Story engineering also identifies a key scenes at the beginning, middle, and end of each part of the book. These include:
- The hook, which are the first sentences of the story and responsible for drawing you in
- Inciting incident, the first action after the hook that establishes some kind of initial problem
- The first plot point, where the status quo you introduce gets changed. This forms the transition from setup to response
- The first pinch point, a challenge or problem introduced halfway through the response, which raises the stakes
- The midpoint, a scene where something changes or falls into place to let the protagonist take control of the action. This serves as the transition between the response and the attack.
- The second plot point, which happens halfway through the attack and sets the story on its final course toward the climax
- The climax, which wraps everything up with tension and a general sense of awesomeness.
On your whiteboard, write a brief description of each of these points in the book.

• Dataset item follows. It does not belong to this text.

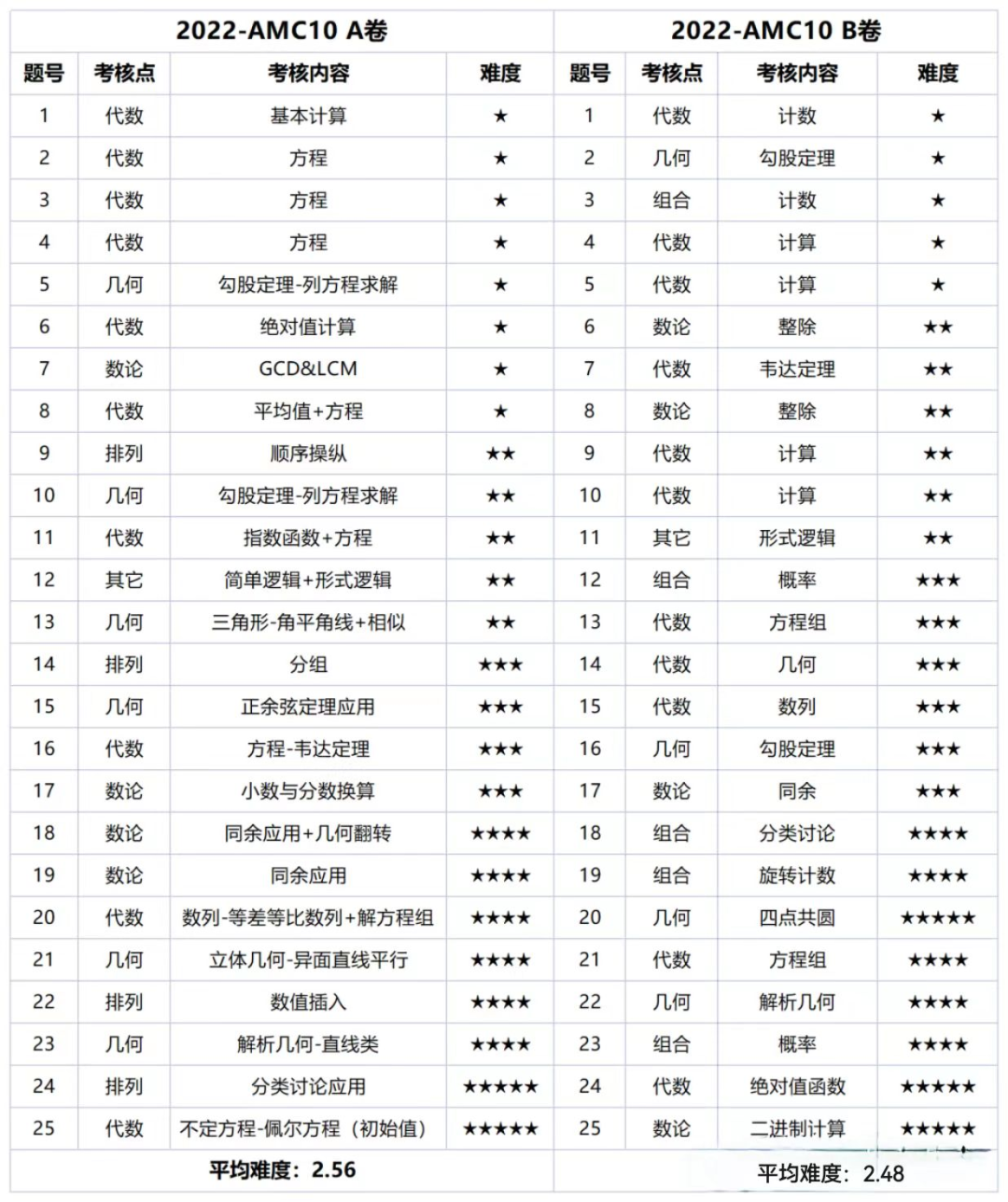 AMC10数学竞赛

From our examples so far, we might see each of these as:
Hook: a funny scene of waking up in a weird position and being just sooooo bored
Inciting incident: getting bullied on the way to school
First Plot Point: meeting the ninja in a janitor’s closet
First Pinch Point: the ninja promises to teach our kid if he passes a difficult riddle or physical challenge
Midpoint: our kid finishes his ninja training and prepares to return to school
Second Plot Point: a confrontation with the bully which leads toward the lunchtime confrontation
Climax: the big ninja food fight and ultimate victory
Those seven points will give you the skeleton of your story from start to finish. Your next task is to add the muscle and flesh and connective tissue, either by expanding the outline or beginning to write.
Let’s Get Started
Give this a try with your newest work, or even with your current work in progress. Get a blank art pad (I recommend the ones at your local dollar store), open it up and start with that first point. From there, you just fill in the blanks until your outline is ready.
One Last Important Note
Always remember that your outline is a starting point. You won’t finish the outline with every single detail and inspiration already fully formed in your mind. While you’re writing, if you suddenly get a great idea, you should follow it. It’s okay to change the plan, but changing an existing plan is always better than trying to move forward without a plan in the first place.
An outline is a tool, not a straitjacket. Use it to get started, then see how far you can go.